Restate each of the lines given below, word for word.
── Data records
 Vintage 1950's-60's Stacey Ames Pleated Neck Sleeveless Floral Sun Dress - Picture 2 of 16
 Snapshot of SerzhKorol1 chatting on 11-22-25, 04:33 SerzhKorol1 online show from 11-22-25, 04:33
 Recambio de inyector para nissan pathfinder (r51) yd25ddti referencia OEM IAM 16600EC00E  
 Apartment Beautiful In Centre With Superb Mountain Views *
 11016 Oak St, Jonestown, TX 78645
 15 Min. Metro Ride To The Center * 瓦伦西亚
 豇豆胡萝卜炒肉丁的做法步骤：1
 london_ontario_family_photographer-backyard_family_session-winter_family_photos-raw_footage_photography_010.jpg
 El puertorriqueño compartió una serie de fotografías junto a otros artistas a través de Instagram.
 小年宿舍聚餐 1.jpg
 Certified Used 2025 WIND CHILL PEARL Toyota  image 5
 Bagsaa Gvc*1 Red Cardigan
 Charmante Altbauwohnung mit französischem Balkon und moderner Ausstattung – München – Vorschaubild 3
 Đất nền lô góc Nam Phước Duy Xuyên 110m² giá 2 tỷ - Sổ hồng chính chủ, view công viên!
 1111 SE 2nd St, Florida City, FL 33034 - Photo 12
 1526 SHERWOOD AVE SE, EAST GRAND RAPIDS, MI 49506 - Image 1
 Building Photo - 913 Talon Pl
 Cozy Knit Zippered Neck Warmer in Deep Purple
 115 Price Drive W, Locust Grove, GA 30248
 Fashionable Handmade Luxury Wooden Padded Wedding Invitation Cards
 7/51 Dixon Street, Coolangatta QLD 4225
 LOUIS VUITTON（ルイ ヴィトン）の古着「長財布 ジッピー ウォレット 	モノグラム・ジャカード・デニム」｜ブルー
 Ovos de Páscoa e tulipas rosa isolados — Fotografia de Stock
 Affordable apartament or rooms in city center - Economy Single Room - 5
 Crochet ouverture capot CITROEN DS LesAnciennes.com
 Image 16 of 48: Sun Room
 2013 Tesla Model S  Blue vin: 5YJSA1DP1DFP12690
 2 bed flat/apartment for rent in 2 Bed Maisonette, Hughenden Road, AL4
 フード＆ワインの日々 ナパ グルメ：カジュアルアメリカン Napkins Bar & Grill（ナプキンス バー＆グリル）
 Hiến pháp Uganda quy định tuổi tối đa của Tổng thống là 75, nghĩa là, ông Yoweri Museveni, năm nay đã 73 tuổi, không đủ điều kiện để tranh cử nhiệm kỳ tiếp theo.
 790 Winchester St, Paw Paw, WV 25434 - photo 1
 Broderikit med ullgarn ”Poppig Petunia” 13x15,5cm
────
- [Response]
 Vintage 1950's-60's Stacey Ames Pleated Neck Sleeveless Floral Sun Dress - Picture 2 of 16
 Snapshot of SerzhKorol1 chatting on 11-22-25, 04:33 SerzhKorol1 online show from 11-22-25, 04:33
 Recambio de inyector para nissan pathfinder (r51) yd25ddti referencia OEM IAM 16600EC00E  
 Apartment Beautiful In Centre With Superb Mountain Views *
 11016 Oak St, Jonestown, TX 78645
 15 Min. Metro Ride To The Center * 瓦伦西亚
 豇豆胡萝卜炒肉丁的做法步骤：1
 london_ontario_family_photographer-backyard_family_session-winter_family_photos-raw_footage_photography_010.jpg
 El puertorriqueño compartió una serie de fotografías junto a otros artistas a través de Instagram.
 小年宿舍聚餐 1.jpg
 Certified Used 2025 WIND CHILL PEARL Toyota  image 5
 Bagsaa Gvc*1 Red Cardigan
 Charmante Altbauwohnung mit französischem Balkon und moderner Ausstattung – München – Vorschaubild 3
 Đất nền lô góc Nam Phước Duy Xuyên 110m² giá 2 tỷ - Sổ hồng chính chủ, view công viên!
 1111 SE 2nd St, Florida City, FL 33034 - Photo 12
 1526 SHERWOOD AVE SE, EAST GRAND RAPIDS, MI 49506 - Image 1
 Building Photo - 913 Talon Pl
 Cozy Knit Zippered Neck Warmer in Deep Purple
 115 Price Drive W, Locust Grove, GA 30248
 Fashionable Handmade Luxury Wooden Padded Wedding Invitation Cards
 7/51 Dixon Street, Coolangatta QLD 4225
 LOUIS VUITTON（ルイ ヴィトン）の古着「長財布 ジッピー ウォレット 	モノグラム・ジャカード・デニム」｜ブルー
 Ovos de Páscoa e tulipas rosa isolados — Fotografia de Stock
 Affordable apartament or rooms in city center - Economy Single Room - 5
 Crochet ouverture capot CITROEN DS LesAnciennes.com
 Image 16 of 48: Sun Room
 2013 Tesla Model S  Blue vin: 5YJSA1DP1DFP12690
 2 bed flat/apartment for rent in 2 Bed Maisonette, Hughenden Road, AL4
 フード＆ワインの日々 ナパ グルメ：カジュアルアメリカン Napkins Bar & Grill（ナプキンス バー＆グリル）
 Hiến pháp Uganda quy định tuổi tối đa của Tổng thống là 75, nghĩa là, ông Yoweri Museveni, năm nay đã 73 tuổi, không đủ điều kiện để tranh cử nhiệm kỳ tiếp theo.
 790 Winchester St, Paw Paw, WV 25434 - photo 1
 Broderikit med ullgarn ”Poppig Petunia” 13x15,5cm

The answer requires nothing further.